La traversata nel deserto della destra italiana è cominciata vent’anni fa.

Sbaglia chi pensa che il centrodestra solo ora debba reinventarsi, ammodernarsi, rinfrescarsi. Sbaglia perché il berlusconismo ha fatto più male al centrodestra che (forse) al centrosinistra. Di sicuro ha fatto malissimo al Paese, ma questa è, in parte, un’altra storia.

Certo è che anche il Paese avrebbe goduto di una destra realmente conservatrice, latrice di valori quali ordine e sicurezza, giustizia inflessibile, statura morale – perché no, anche di stampo fortemente cattolico.

Tutto questo non c’è stato, in quanto tutti –e sottolineo, tutti- si sono piegati ai voleri del padrone, assecondandone desideri di ogni tipo, dai desideri di scudi e protezioni giudiziarie, a desideri molto più inconfessabili, ma comunque venuti tristemente a galla.

Per tale motivazione, fa ancora più tristezza sentire uno dei colonnelli del PDL, la Santanché, rilasciare interviste come quella di ieri. Mi si dirà: lei non conta nulla. Basta leggere il fuoco di fila di dichiarazioni di altri importantissimi esponenti del partito – fra cui il suo segretario, Alfano – per capire che non è così.

La Santanché, è bene ricordarlo, nel 2008 era candidata premier per conto de La Destra di Storace. Infuocati erano i suoi comizi. Frasi molto dure erano rivolte proprio al suo attuale datore di lavoro, Berlusconi.
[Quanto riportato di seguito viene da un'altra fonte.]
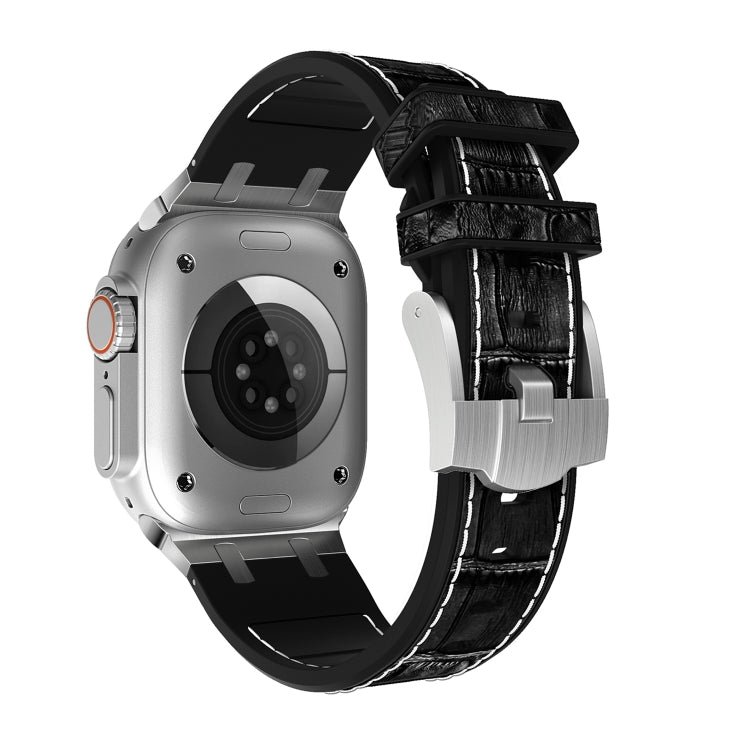 For Apple Watch SE 40mm Crocodile Texture Liquid Silicone Watch Band(Silver White Black) - Watch Bands by PMC TechLife | Online Shopping South Africa | PMC TechLife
Post elezioni, la conversione sulla via di Damasco.

L’onorevole quindi ben conosce il significato della parola “coerenza”. Nonostante ciò, l’idea di un partito “scaduto”, che non è più nel cuore degli italiani, e che quindi necessita di essere sostituito, è la quintessenza della destra di questi anni, e della sua dipendenza dagli umori del suo demiurgo.

Molti partiti europei hanno conosciuto lunghe traversate nel deserto, lunghi periodi di sconfitte elettorali, lunghi periodi di dissidi e lotte interne. Non mi risulta, però, che i socialisti francesi o la CDU tedesca, nei (anche numerosi) anni durante i quali non erano al governo del paese abbiano cambiato nome, facendo vistosi maquillage di facciata, ma senza sostanza alcuna.

La destra italiana, ora come non mai, ha bisogno di silenzio, e di lavoro. Ha bisogno di ricostruirsi dall’interno. Cambiare un nome di un partito senza cambiarne i volti, il segretario (eleggendone uno vero, non una marionetta…), le strutture di governance, non ha senso. E’ un processo lungo, che può prendere anni. Il PD ne sa qualcosa. Ed è un processo certamente molto meno appariscente, lontano anni luce dalle canzoncine e dalle bandiere colorate che hanno rappresentato la cifra stilistica della destra nostrana degli ultimi vent’anni. Questo è quindi un processo lontano anni luce dal “sentire” del suo deus ex machina.

La destra italiana ha un bisogno disperato di liberarsi di Berlusconi, e della sua visione della politica. Solo quando lo capirà, e si rifarà ai veri “padri nobili” del suo pantheon, che sono ben altri, allora potrà dire che la traversata nel deserto è, finalmente, giunta a termine.